** INFORMATION PROVIDED follows **

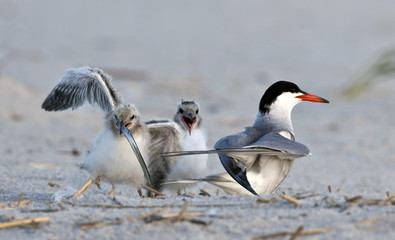 Common tern babies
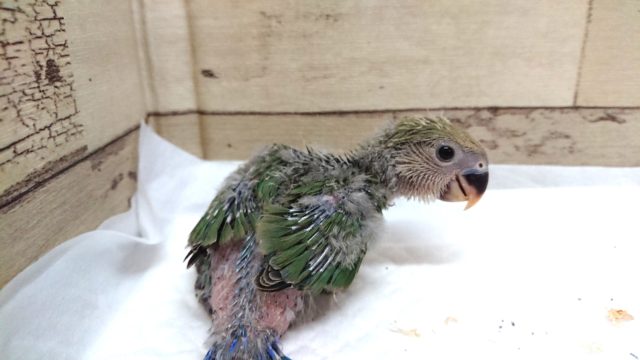 コザクラインコ（小桜インコ）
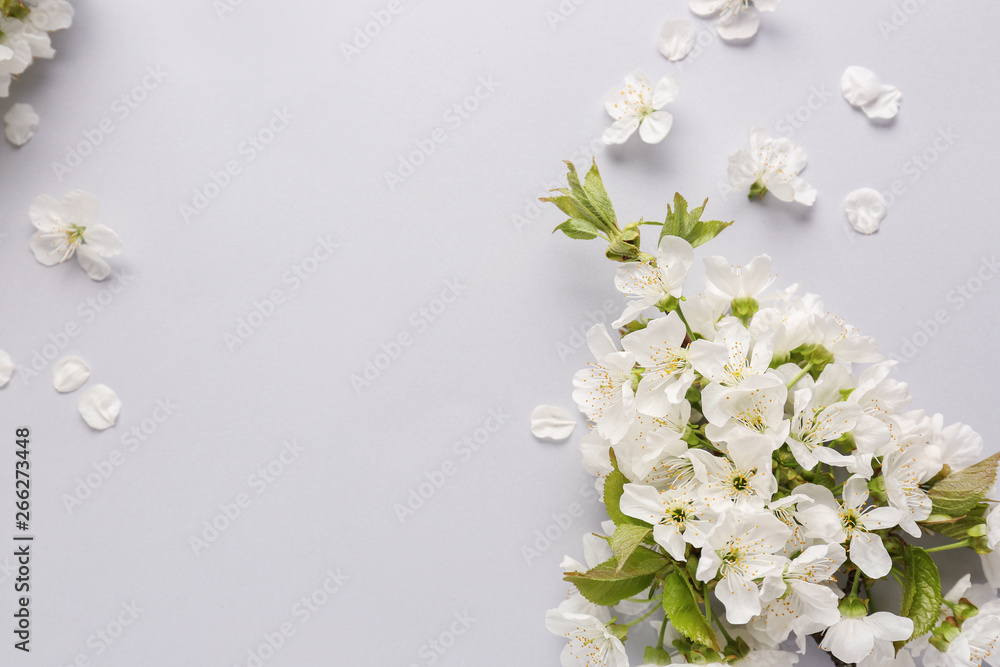 Beautiful blossoming branch on white background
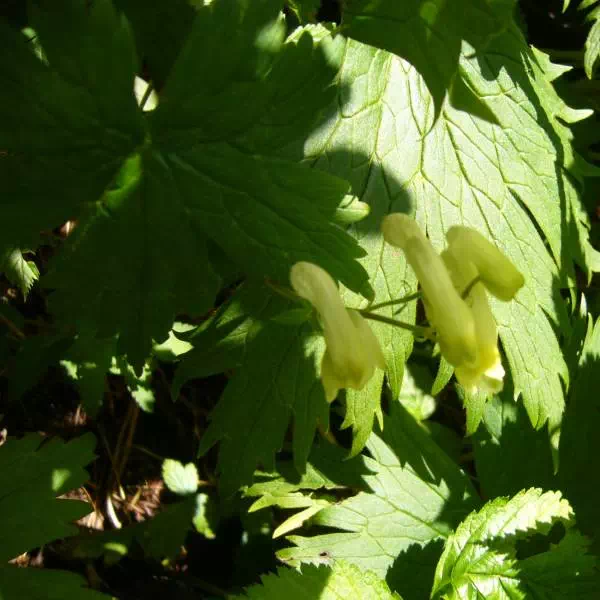 オオレイジンソウ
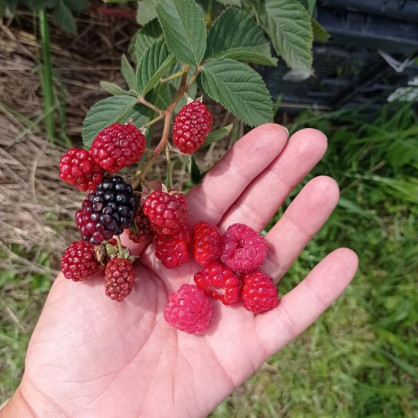 Ежемалина Ред Даймонд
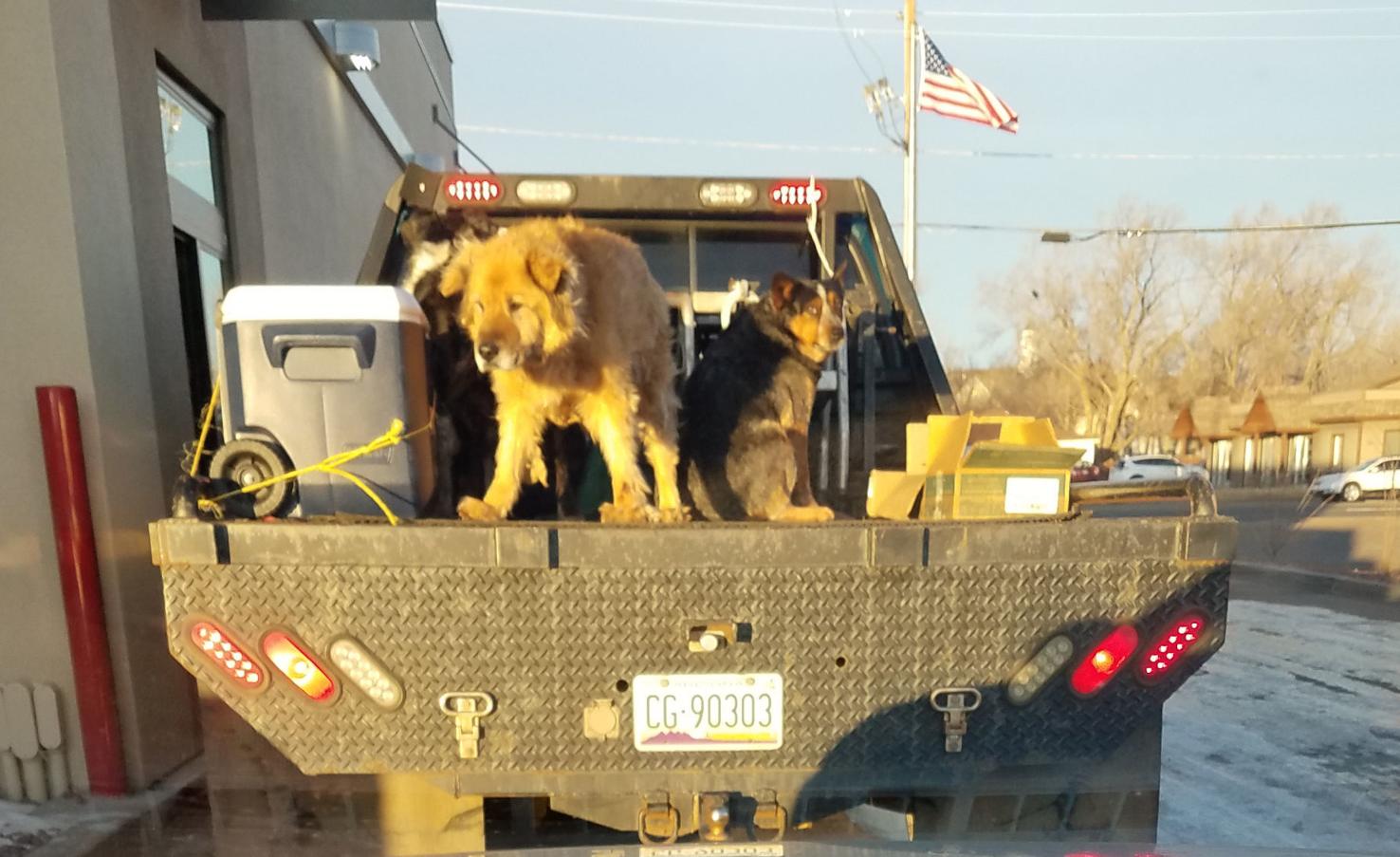 Dangers of dogs riding in pickup truck beds Editorial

** End of INFORMATION PROVIDED **

AIM OF THE EXERCISE –
Copy exactly the lines from the line that contains "Beautiful blossoming branch" through the last line of the records above, both ends included, but leave out the pictures.

ANSWER SECTION –
 Beautiful blossoming branch on white background
 オオレイジンソウ
 Ежемалина Ред Даймонд
 Dangers of dogs riding in pickup truck beds Editorial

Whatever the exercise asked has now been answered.